(Beginning of Input records)
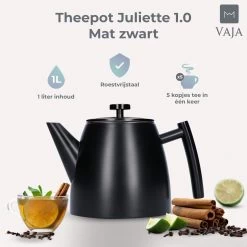 Vaja® Camille Theepot Zwart Met Filter - 1 Liter - RVS - Dubbelwanding 22 Vaja® Camille Theepot Zwart Met Filter - 1 Liter - RVS - Dubbelwanding -Kook Verkoop 1200x1200 962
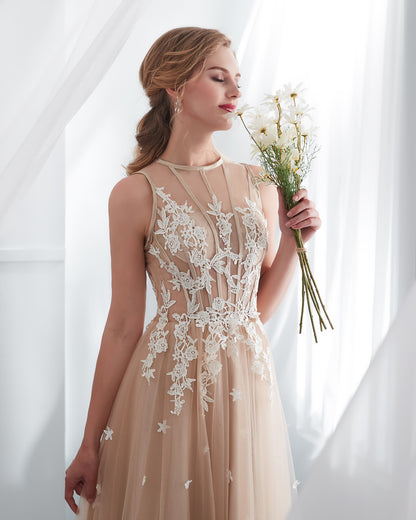 7-Day Dispatch Sleeveless Illusion Neckline Champagne Tulle A-Line Wedding Dress White Floral Applique Open Back Sweeping Train Bridal Gown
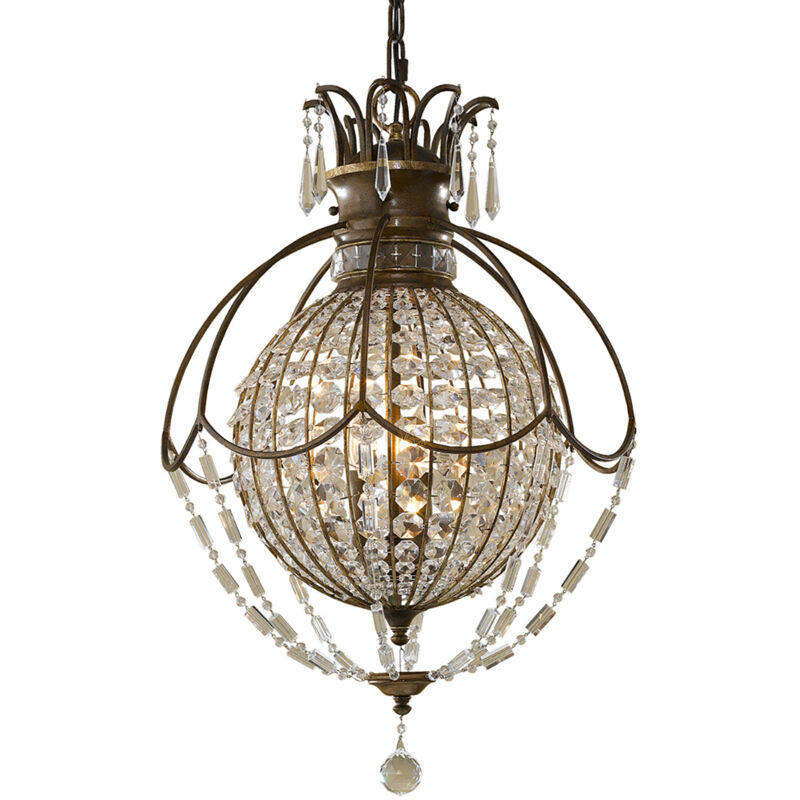 foto del prodotto feiss elstead bellini lampadario a 3 luci con lampadario a sospensione in bronzo britannico, bronzo ossidato, e14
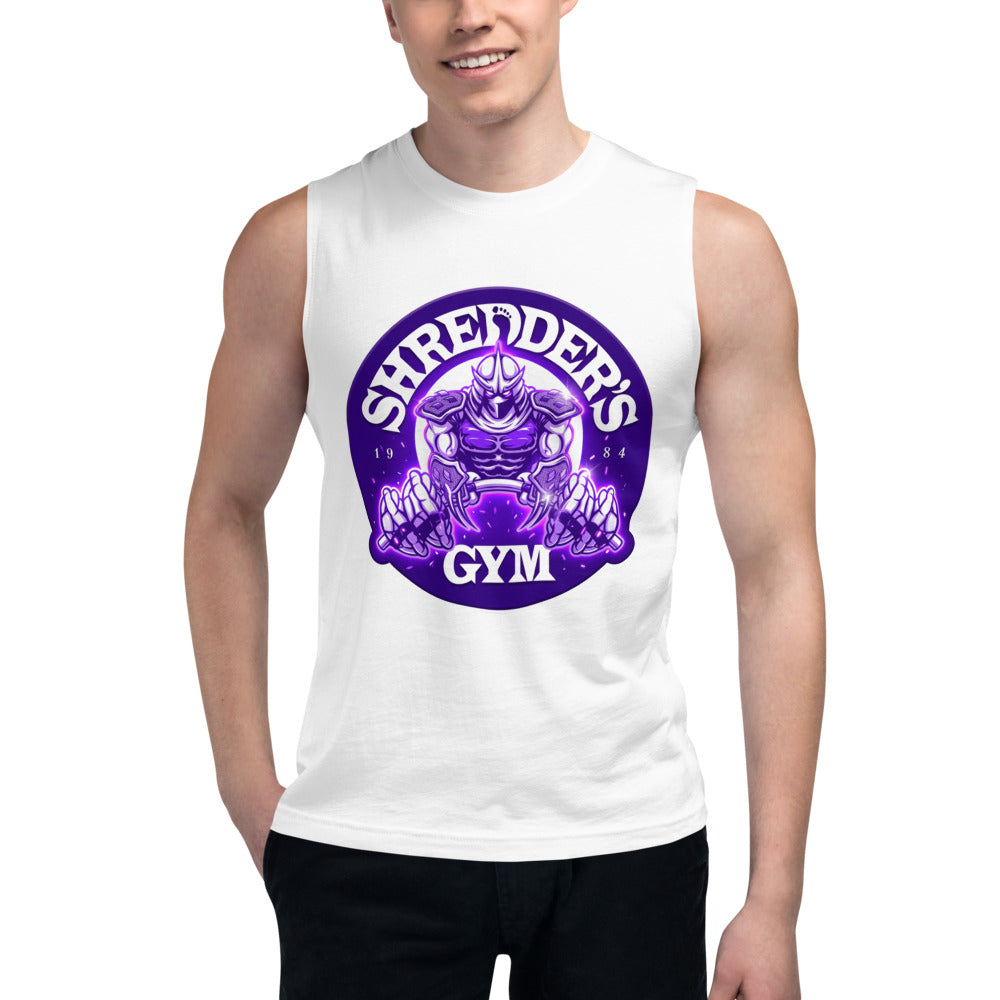 Sin Mangas TMNT Shredder's Gym 1984 Purple Emblem - Modelo masculino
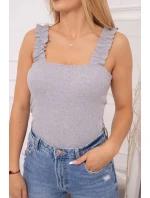 Halenka bez ramínek s volánky šedá Halenka bez ramínek s volánky šedá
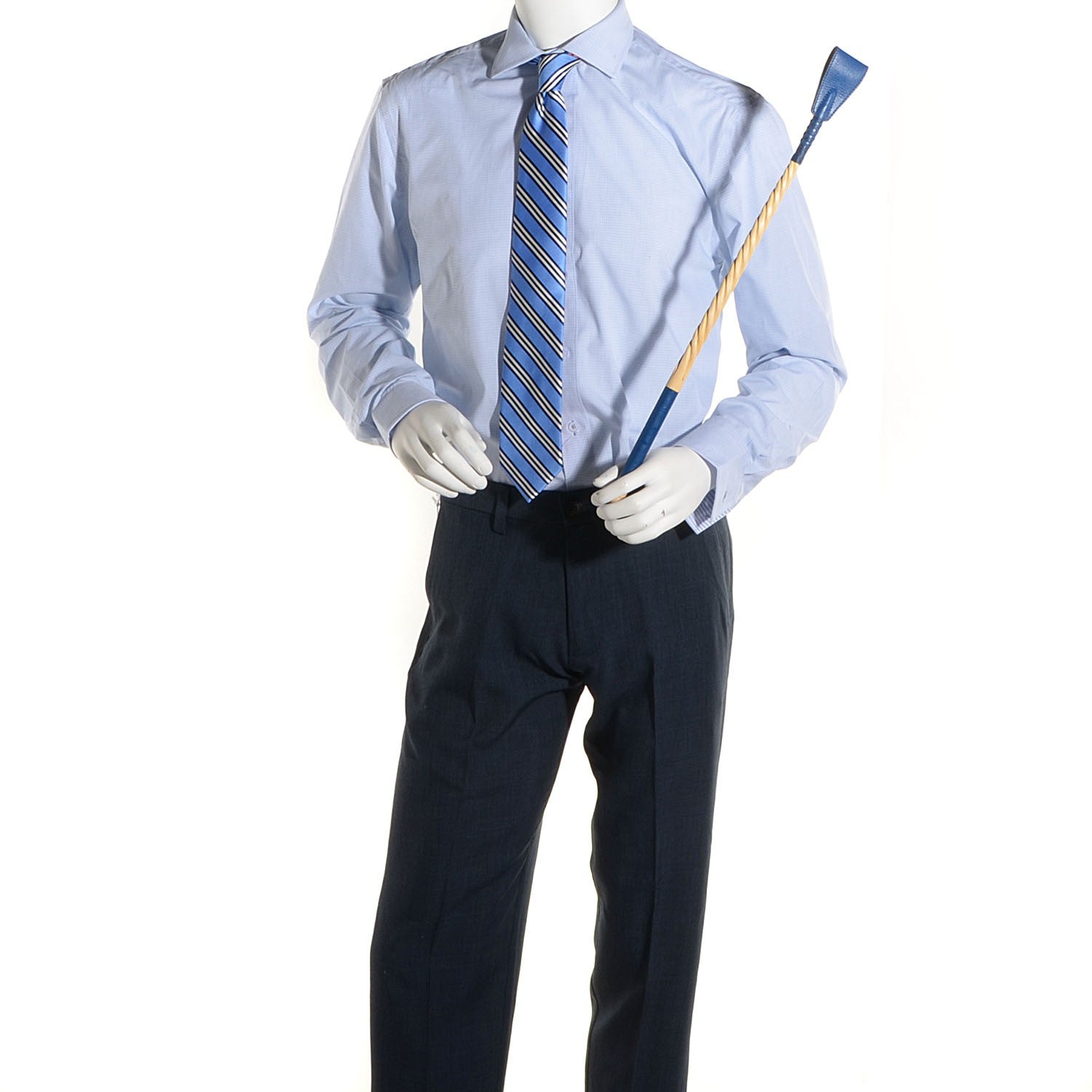 Hermes Wood Aniline Goatskin Riding Crop Bleu Electrique 2 of 8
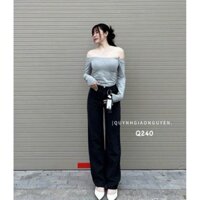 Quần jean suông trơn nữ màu khói hàng chuẩn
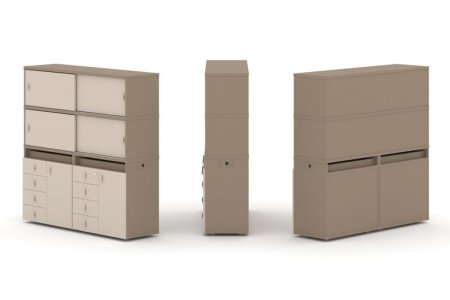 Тумба двойная + высокая надставка ES.NB.2V-5 (1500х410х1520) (Латте/Капучино)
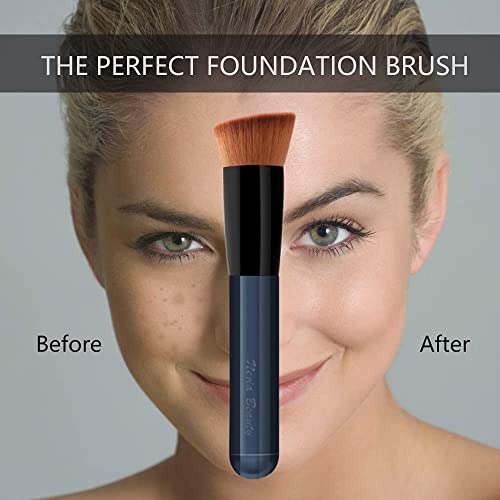 Foundation Brush, Flat Top Kabuki Foundation Brush for Liquid Makeup, Cream, Powder, Travel Size Face Foundation Blending ...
(End of Input records)
Exercise instructions:
When copying the records above, please match them exactly but leave out all pictures.

Your solution:
 Vaja® Camille Theepot Zwart Met Filter - 1 Liter - RVS - Dubbelwanding 22 Vaja® Camille Theepot Zwart Met Filter - 1 Liter - RVS - Dubbelwanding -Kook Verkoop 1200x1200 962
 7-Day Dispatch Sleeveless Illusion Neckline Champagne Tulle A-Line Wedding Dress White Floral Applique Open Back Sweeping Train Bridal Gown
 foto del prodotto feiss elstead bellini lampadario a 3 luci con lampadario a sospensione in bronzo britannico, bronzo ossidato, e14
 Sin Mangas TMNT Shredder's Gym 1984 Purple Emblem - Modelo masculino
 Halenka bez ramínek s volánky šedá Halenka bez ramínek s volánky šedá
 Hermes Wood Aniline Goatskin Riding Crop Bleu Electrique 2 of 8
 Quần jean suông trơn nữ màu khói hàng chuẩn
 Тумба двойная + высокая надставка ES.NB.2V-5 (1500х410х1520) (Латте/Капучино)
 Foundation Brush, Flat Top Kabuki Foundation Brush for Liquid Makeup, Cream, Powder, Travel Size Face Foundation Blending ...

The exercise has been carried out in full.